When the phrase “fashion week” is spoken, the most immediate association we make are the fashion shows in New York City, London, Milan, and Paris. However, most other major cities around the world have fashion weeks too, such as Seoul, Kiev, Madrid, Stockholm, and Berlin, just to name a few. Today we take a look at the most recent fashion week which took place in Tokyo. Make no mistake-- Tokyo may not have the amount of designers as, say, New York City, but their talent is just as prevalent.
Photo: © Japan Fashion Week Organisation
Anne Sofie Madsen: Madsen’s polished collection was inspired by the Japanese concept of “wabi-sabi,” or the acceptance of transience and imperfection. Tokyo allows Madsen to style her own collection, a freedom she could not find in Paris.
DressedUndressed: This collection played with Japan’s prevalent workwear and recreated it as undone streetwear. “I wanted to bend the rules a little,” codesigner Kitazawa said of the collection. Indeed, the collection was filled with billowing garments, trench coats, and other plays on the business apparel that is highly valued in Japanese society.
Mihara Yasuhiro: Premiered in the parking lot of Tokyo’s Bunka Fashion College, Yasuhiro’s black and white collection displayed the best of Japanese aesthetics. Yasuhiro was inspired by the history of Japanese fashion-- everything from the kimono and yukata to Buddhist robes and military apparel.

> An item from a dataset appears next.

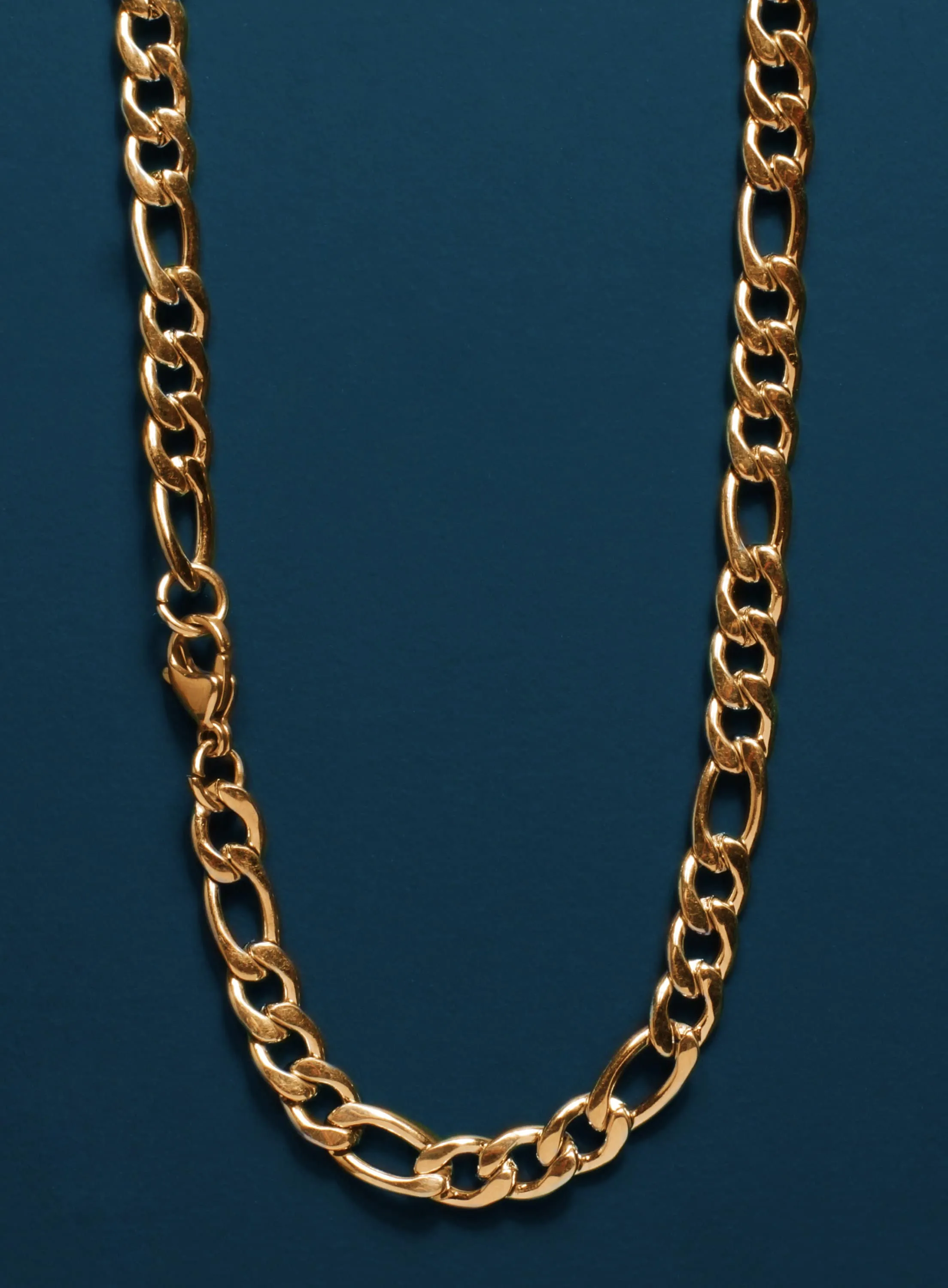 7mm gold figaro chain for men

Ethosens: Designer Hashimoto’s collection was mainly focused on menswear, but a couple of fantastic womenswear pieces were thrown in too. Hashimoto was inspired by “crossing lines,” and how there are many ways to perceive them. He seeked to portray those perspectives in his beautiful collection.
Photo: Giovanni Giannoni
Mikio Sakabe: A personal favorite. It was very difficult to choose a favorite look from this spectacular collection. Sakabe drew inspiration from the seventies, eighties and nineties. According to Kelly Wetherille of Women’s Wear Daily, Sakabe “wanted to take on the challenge of trying something that he had never done before, while also creating something that doesn’t currently exist.” He undoubtedly succeeded. Sakabe’s courageousness is something rarely seen at the structured shows of New York or Paris. Without a doubt, his risks paid off.